Timeline

Highlights
Since the project started five issues have been released, including 70 contributors, 40 advisors/copyeditors/proofreaders, and 60 different projects in the city's current and recent history profiled in the pages of the magazine/website. Each of these issues has had a release event, which serve as a celebratory and networking occasion for contributors and friends of the project. Every event associated with the publication has happened in a different location (Ping Tom park in Chinatown, the Chicago Cultural Center, the Experimental Station in Woodlawn, the Jane Addams Hull House in West Loop, and Co-Prosperity Sphere in Bridgeport), reflecting the project's interest in the diverse geography of the city.

- All five issues (#1 Privatization, #2 Local Food Systems, #3 Solidarity, #4 Prisons/Justice System and #5 Education) have been published in print with 5,000 copies per issue and online in their entirety, receiving over 1000 unique visits to the website per month.

-Six lectures as part of the "Infrastructure Series" (at Mess Hall in Rogers Park, Polvo Arte in Pilsen, In These Times in Logan Square, ACME arts in Bucktown, the Hyde Park Art Center, and the Hull House Museum in the West Loop).

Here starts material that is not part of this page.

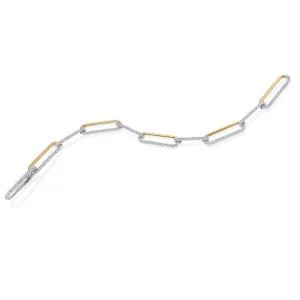 7-Inch Diamond Oval Link Bracelet in Two Tone 18K Gold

- Editorial retreat at the Jane Adams Hull House and Young Chicago Authors with a 15 person advisory group

- Another Chicago, the email newsletter keeping contributors updated with organizational developments of AREA, and announcing the events/activities of our local contributors has been regularly sent since September 2006 to over 800 local subscribers.

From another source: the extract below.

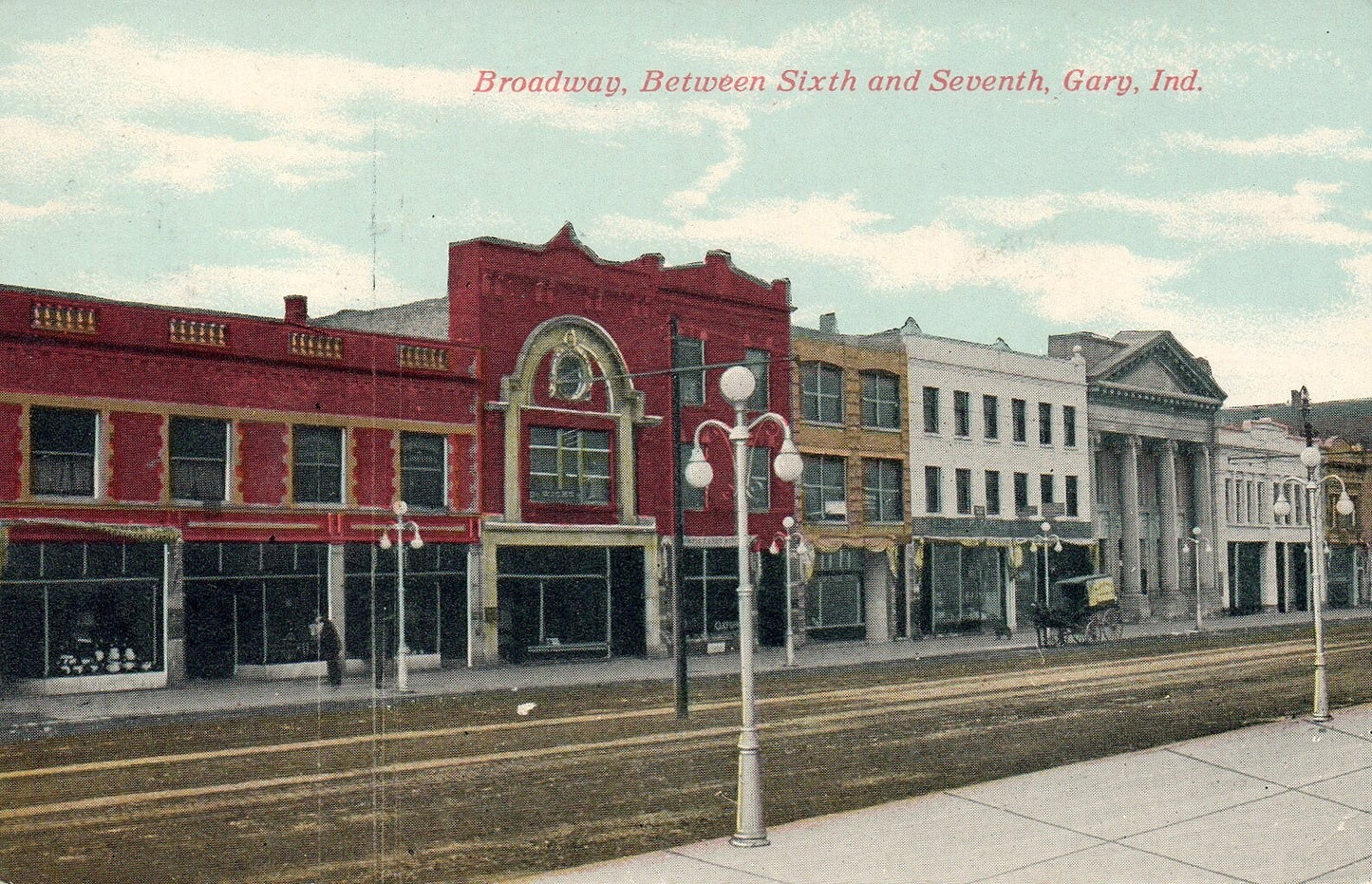 Broadway Between Sixth & Seventh Streets in Gary Indiana IN Vintage Postcard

-This summer's How We Learn event series brought together hundreds of Chicagoans to nearly 30 events about education, organization and participation. Including presentations by Andrew Gryf Paterson, Josh MacPhee, Feel Tank Chicago, Waite White, Chicagoland Bike Mechanic Orgs, Chicago Underground Library, Mess Hall, Platypus, Free Geek, Chicagoland/Calumet Underground Railroad Efforts, Bronzeville Historical Society, Chicago Women's Health Center, The Odyssey Project, Stephen Haymes, Meredith Haggerty, Lavie Raven, Dave Pabellon, Scott Berzofsky, Dane Nester, Nicholas Wisniewski, Jesse Seay, Lou Mallozzi, Christina Kubisch Daniel, Kunle/Holger Lauinger, John Dewey, Charlie Vinz, Material Exchange, Nance Klehm, Vocalo.org Producers, Anne Elizabeth Moore, Counter Cartography Collective, and Kristen Cox of Fire This Time Fund.

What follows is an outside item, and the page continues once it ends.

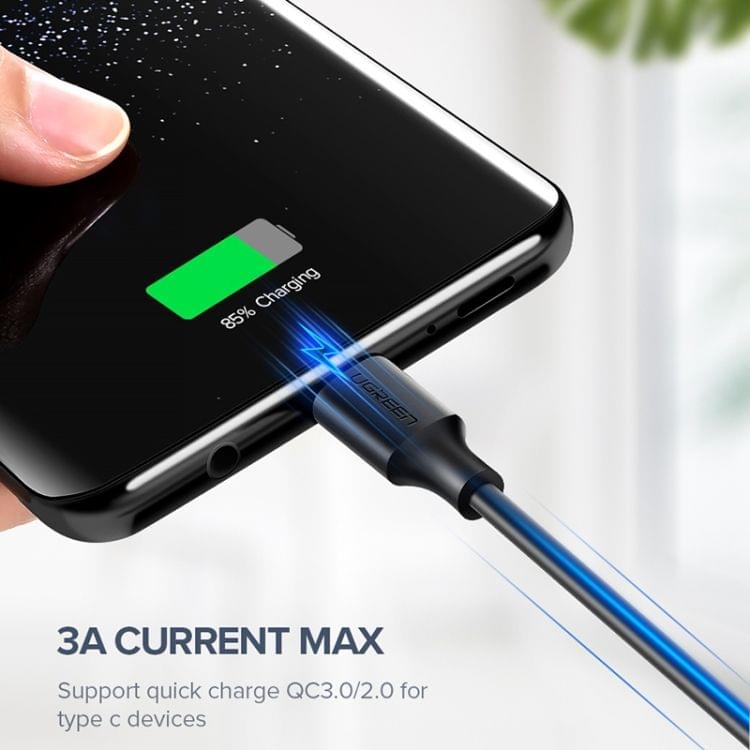 UGREEN 3A Max Output USB to USB-C / Type-C PVC Fast Charging Sync Data Cable, Length: 1m (White)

- Workshops related to publishing and AREA have been developed for teenage contributors at the Howard Area Alternative High School and with the Young Chicago Authors organization. Numerous educators are using AREA texts in their after school program, high school and university classrooms.

-Lectures by about AREA have been presented at national and international conferences including Artivistic (Montreal), ReActivism (Central European University Budapest), 16beaver Group (New York), National Conference on Organized Resistance (Washington DC), Planners Network (University of Illinois Chicago), UCLA's Department of Urban Planning (Los Angeles), Syracuse University, and in numerous university seminars throughout Chicago at DePaul, Loyola, UIC, and the Art Institute of Chicago.

-AREA's mapping endeavor "Notes for a Peoples Atlas of Chicago" has been exhibited in such places as Columbia College's A+D Gallery, the Hyde Park Art Center, UIC's Gallery 400 and the Museum of Contemporary Art.